Exercise directions
Retype the data that follows exactly. No pictures belong in the copy.

Material provided
[Start of Attachment]
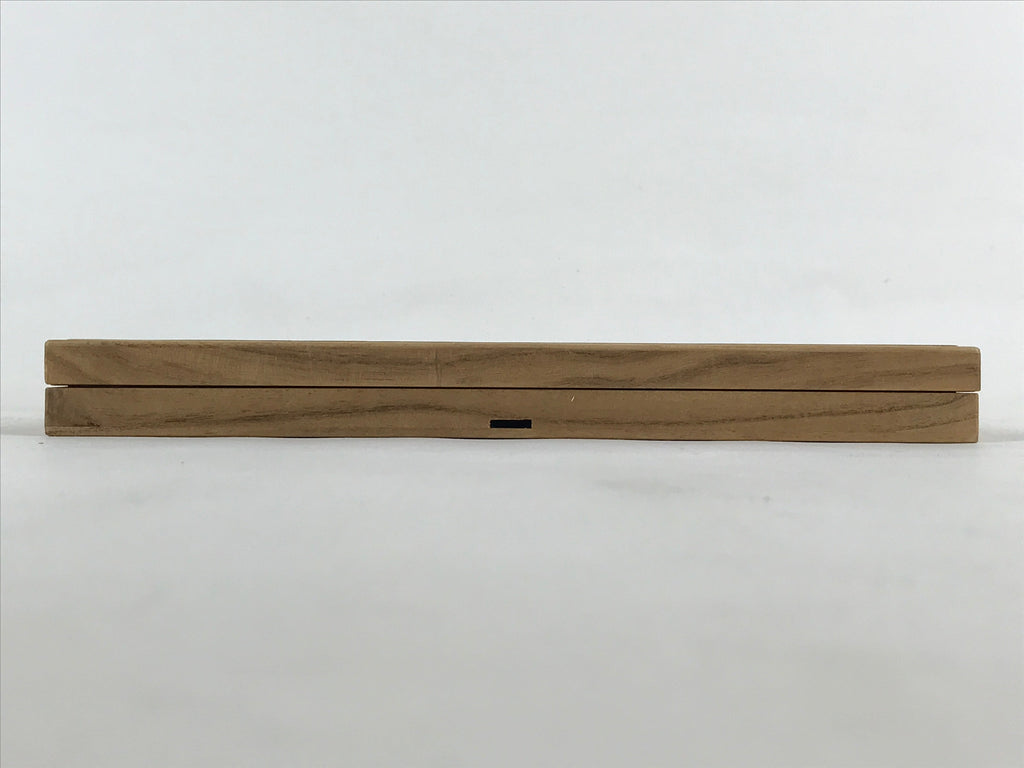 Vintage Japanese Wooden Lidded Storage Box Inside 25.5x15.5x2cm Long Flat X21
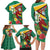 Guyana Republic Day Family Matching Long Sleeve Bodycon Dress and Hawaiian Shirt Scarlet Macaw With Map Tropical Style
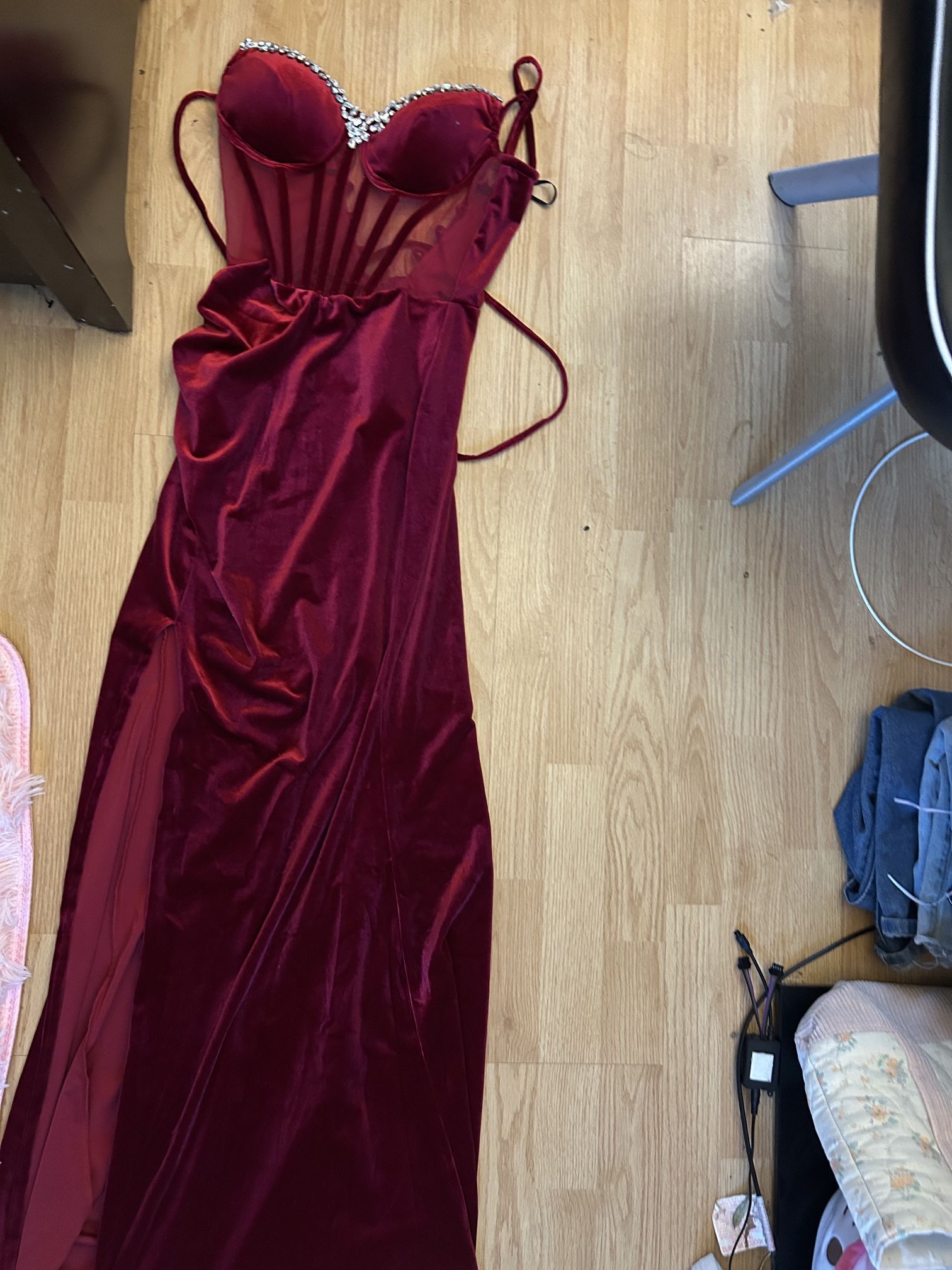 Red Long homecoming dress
[End of Attachment]
Reply
 Vintage Japanese Wooden Lidded Storage Box Inside 25.5x15.5x2cm Long Flat X21
 Guyana Republic Day Family Matching Long Sleeve Bodycon Dress and Hawaiian Shirt Scarlet Macaw With Map Tropical Style
 Red Long homecoming dress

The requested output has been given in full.